Along the way they came to a mountain in the wilderness of Sinai. There God gave Moses THE LAW that was to govern the nation of Israel in the land of promise. The Hebrews agreed to adhere to the commandments set forth by the Lord and that law became a covenant between God and the Israelite nation (Exodus 19:1-8; 24:3-8).

THIS WAS A CONDITIONAL COVENANT. Over and over God said that if the nation would keep this covenant and obey His laws that He would bless them with peace and prosperity and allow them to remain in the land of promise. He also promised to reward their rebellion with drought, oppression, and eventually removal from their homeland (Leviticus 26; Deuteronomy 29).

Now let's go back in our study.
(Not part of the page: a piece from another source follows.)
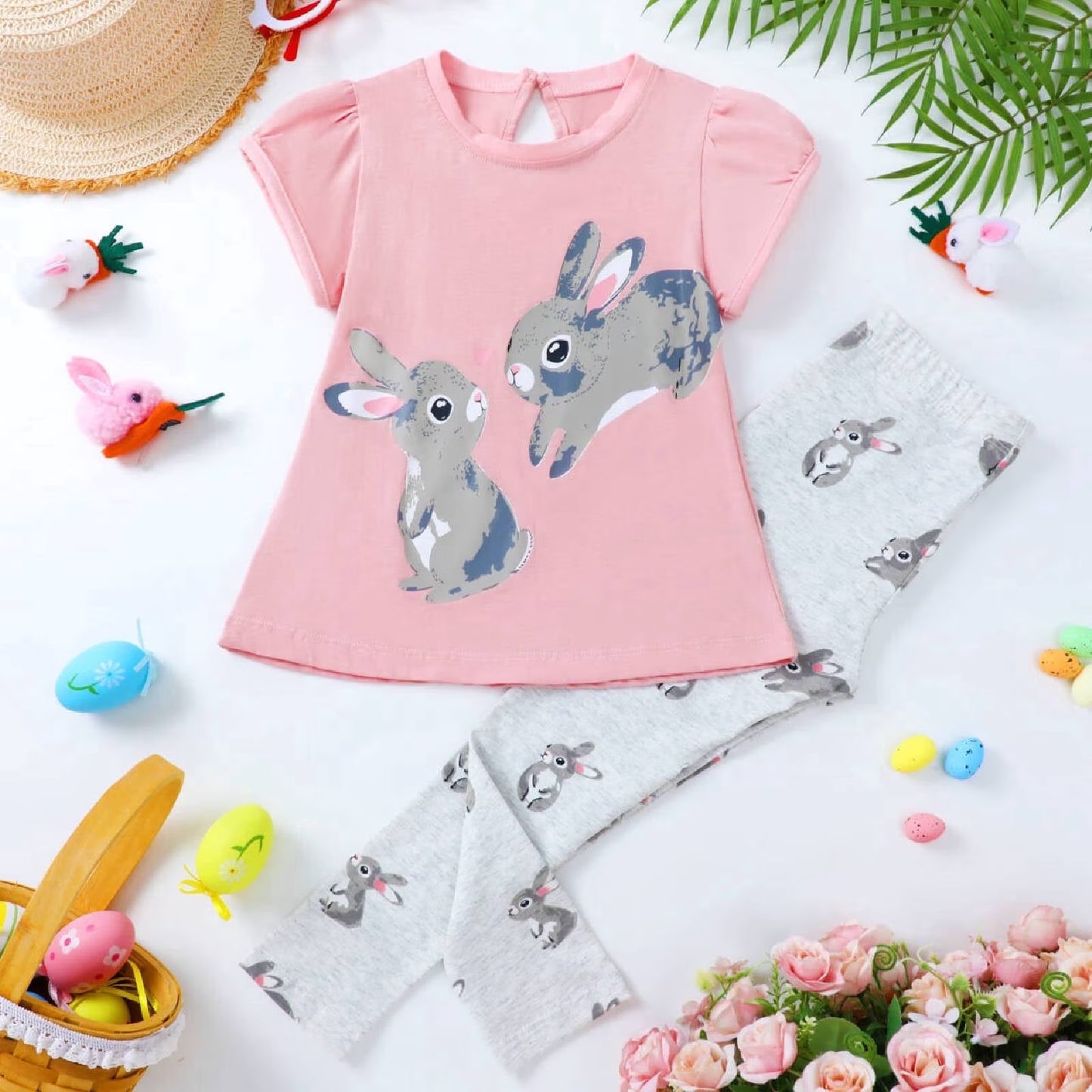 HILEELANG Toddler Girl Easter T-Shirt Leggings Outfit Set Summer Cotton Dust Pink Bunny Rabbit Ruffle Short Clothing Sets 2T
The Abrahamic covenant was an unconditional and everlasting promise that Abraham's multiplied seed would forever inherit the land of Canaan. But as they are getting ready to enter that land as a nation they make this conditional covenant with God, as described above. How do these two covenants relate to each other?
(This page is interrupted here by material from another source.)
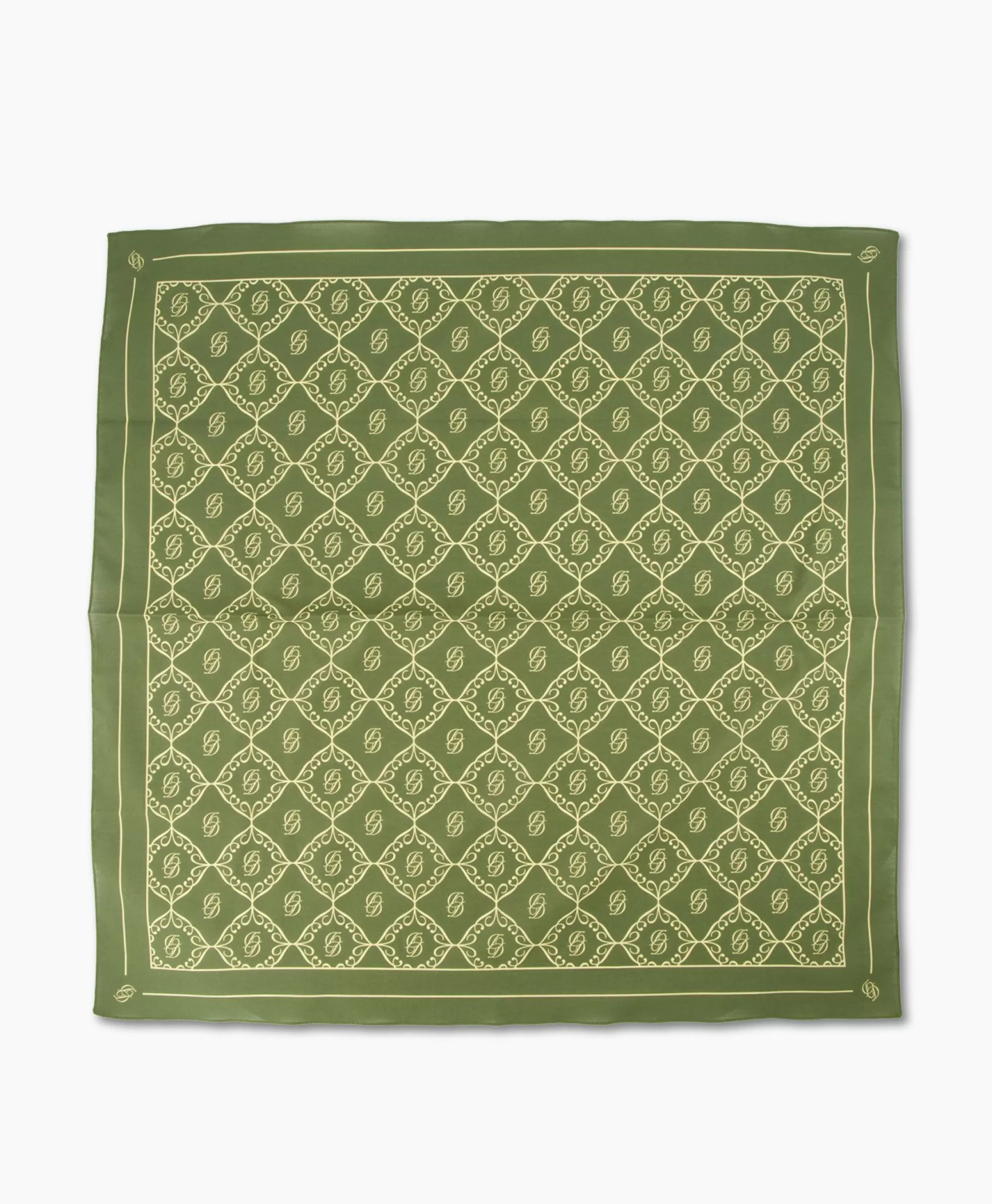 Sjaals*Drole De Monsieur Sjaal La Foulard Monogramme Khaki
Galatians 3:16-19 answers, Now to Abraham and his seed were the promises made…And this I say, that the covenant, that was confirmed before of God in Christ, the law, which was four hundred and thirty years after, cannot disannul, that it should make the promise of none effect. For if the inheritance be of the law, it is no more of promise: but God gave it to Abraham by promise. Wherefore then serveth the law? It was added because of transgressions, till the seed should come to whom the promise was made; and it was ordained by angels in the hand of a mediator.

So the Mosaic covenant cannot disannul the Abraham covenant. Rather, we regard it is an amendment to the Abrahamic covenant, given to govern the nation of Israel in the promised land. Reading on in Galatians 3, we find that this law is given to serve man by both defining and restraining his sin and to bring him to Christ – the only One Who could deliver him from those sins and their eternal penalty.

Now I don't want to jump ahead too much, but I must point out that this covenant, though conditional, is everlasting. It will forever govern the nation of Israel in the land of promise. We read in Ezekiel and the other prophets of sacrifices and offerings being made in the temple during the millennial kingdom. We read in Isaiah 2 of Christ sitting upon the throne of His kingdom in Jerusalem, teaching men the law. We'll bring all this together (hopefully) when we look at the new and everlasting covenant.


This covenant was recorded on tables of stone (Exodus 34:27-28; Deuteronomy 4:13-18; Deuteronomy 9:9-11) and housed in the ark of the covenant (Deuteronomy 31:24-26; 1 Kings 8:9; 2 Chronicles 6:11). Israel's idolatry and immorality were referred to as transgressions of their covenant with God (Deuteronomy 17:2; Joshua 7:11, 15; Joshua 23:16; Judges 2:20; 1 Kings 19:10; 2 Kings 18:12; Psalm 78:10; Jeremiah 34:18; Ezekiel 16:59; Hosea 6:7; Hosea 8:1). And the sign of this covenant was the Sabbath (Exodus 31:12-18; Ezekiel 20:20).

1 comment:

  1. The covenant is conditional yet permanent. Historically, many Christians have interpreted the plights of the Jewish People as proof that the Covenant has ended due to our sins. However, see Lev 26:44-45 and Deut 13:1-4.